INTRODUCTORY. MY INSTRUCTIONS TO FIND AND RELIEVE LIVINGSTONE.
On the sixteenth day of October, in the year of our Lord one
thousand eight hundred and sixty-nine, I was in Madrid, fresh from
the carnage at Valencia. At 10 A.M. Jacopo, at No. - Calle de la
Cruz, handed me a telegram: It read, "Come to Paris on important
business." The telegram was from Mr. James Gordon Bennett, jun.,
the young manager of the `New York Herald.'
Down came my pictures from the walls of my apartments on the
second floor; into my trunks went my books and souvenirs, my
clothes were hastily collected, some half washed, some from the
clothes-line half dry, and after a couple of hours of hasty hard
work my portmanteaus were strapped up and labelled "Paris."
At 3 P.M. I was on my way, and being obliged to stop at Bayonne a
few hours, did not arrive at Paris until the following night.
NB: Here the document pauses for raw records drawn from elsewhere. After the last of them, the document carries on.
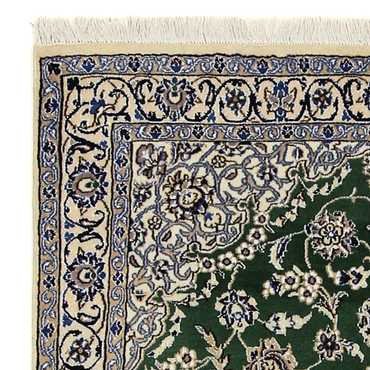 Tapis persan - Nain - Royal - 180 x 115 cm - vert foncé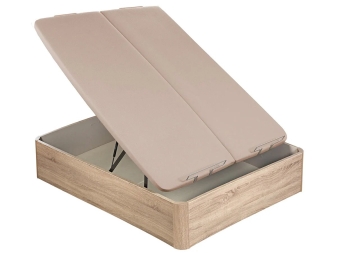 Canapé Abatible Naturbox 2.0 Plus Tapa Doble natural Abierto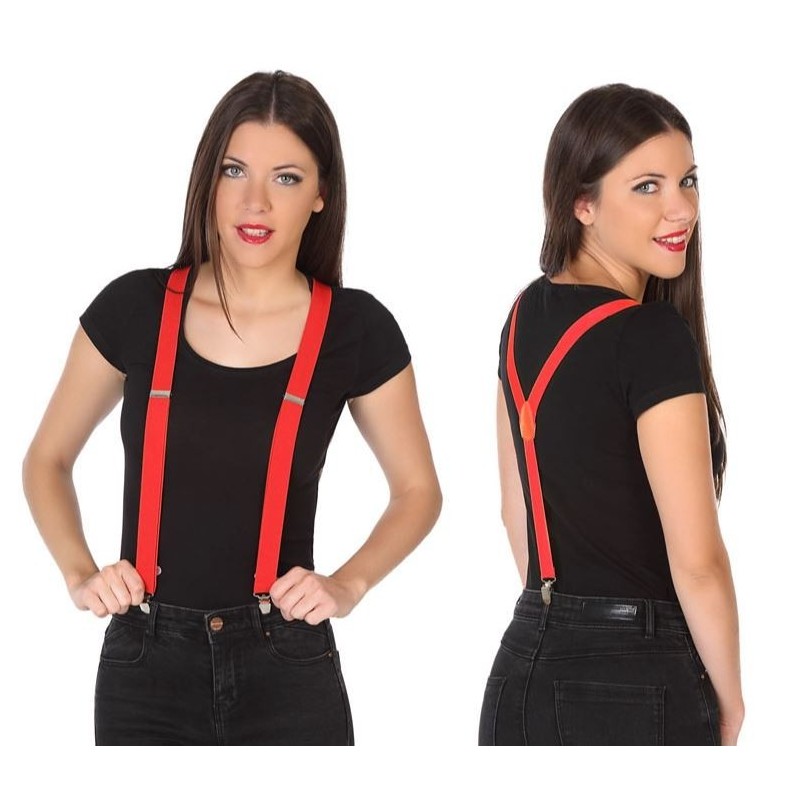 TIRANTES ROJOS ADULTO 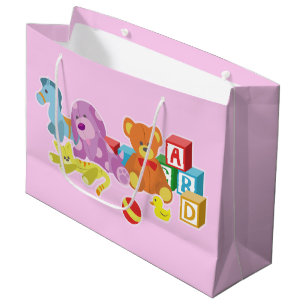 Cute Dolls (Pink) Large Gift Bag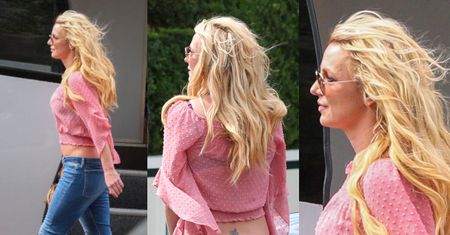 Britney Spears odmraża sobie nerki w trakcie wizyty we Francji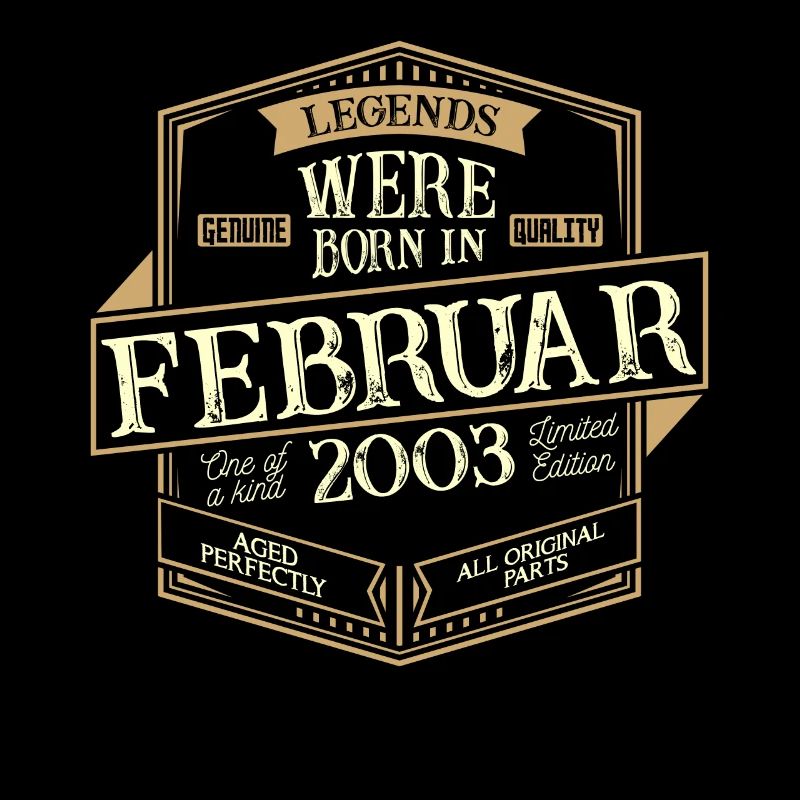 Februar 2003 Geburtstag Mann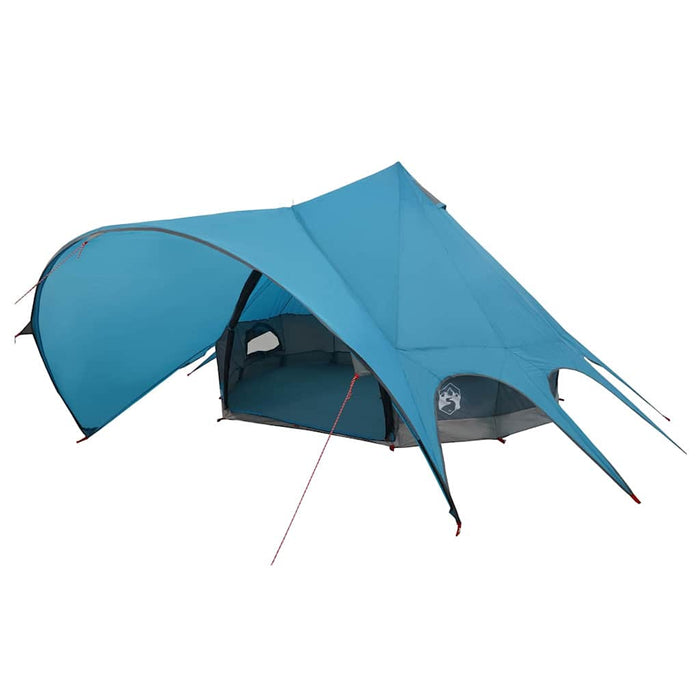 Cort Teepee cu acoperiș Albastru și Gri 600 x 600 x 347 cm - WALTI WALTI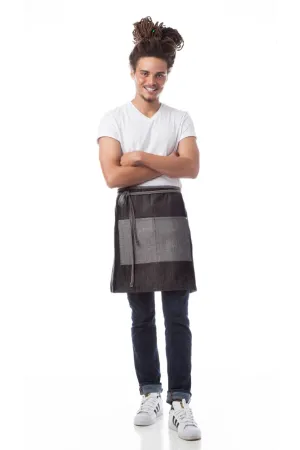 Black & Grey American Denim Basics Half Bistro Apron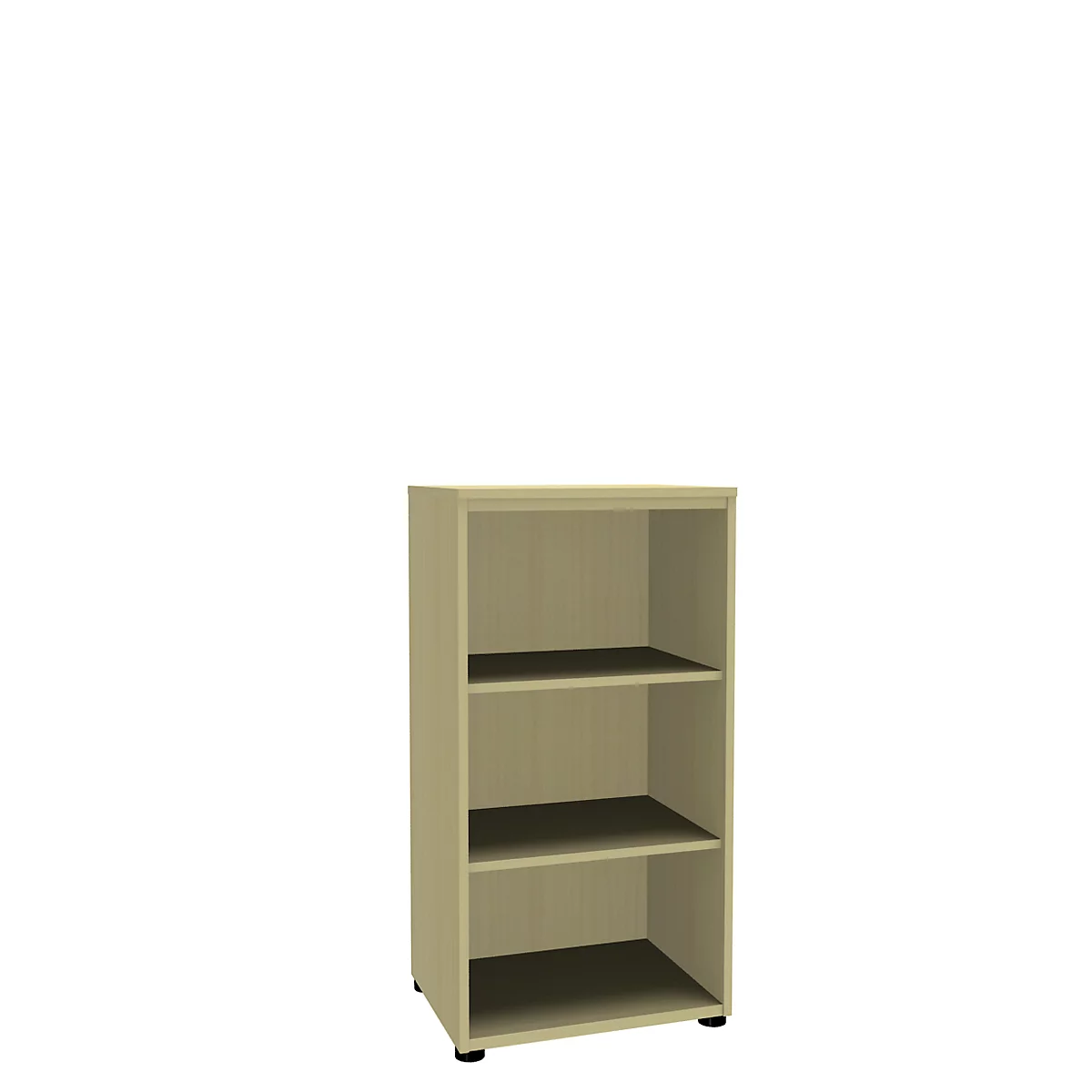 Open kast, 1-delig, 3 ordnerhoogten, b 600 mm, esdoornpatroon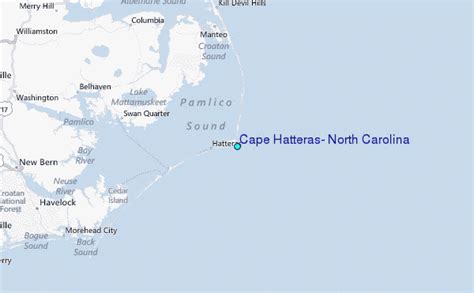 Cape Hatteras, North Carolina Tide Station Location Guide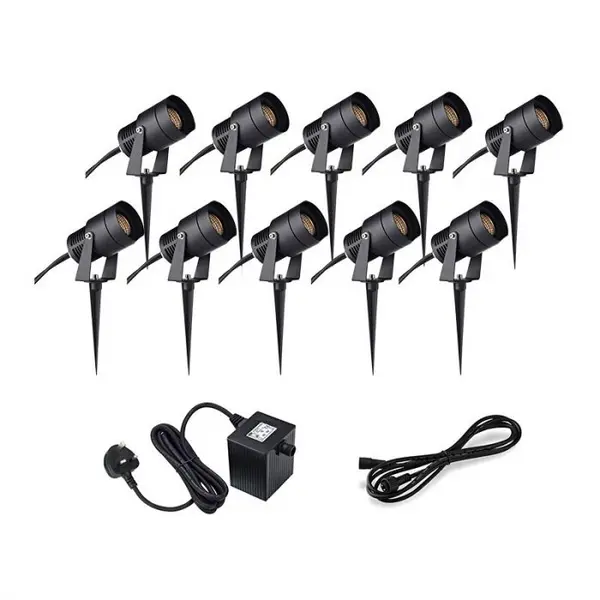 Image of Markslojd Garden 24V - 3W LED Spotlight Kit - 10 Lights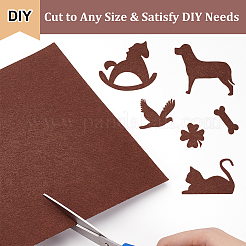 化繊フェルト布  DIYクラフトソーイングアクセサリー用  コーヒー  28x21.5x0.1cm&nbsp;DIY-WH0366-03E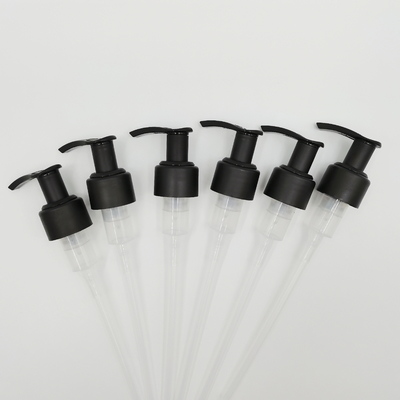 Lotionspumpe aus mattem PP-Kunststoff, schwarze Farbe, 24/410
I
went straight to the `Grand Hotel,' and knocked at the door of
Mr. Bennett's room.
"Come in," I heard a voice say. Entering, I found Mr. Bennett in
bed. "Who are you?" he asked.
"My name is Stanley," I answered.
"Ah, yes! sit down; I have important business on hand for you."
After throwing over his shoulders his robe-de-chambre Mr. Bennett
asked, "Where do you think Livingstone is?"
"I really do not know, sir."
"Do you think he is alive?"
"He may be, and he may not be," I answered.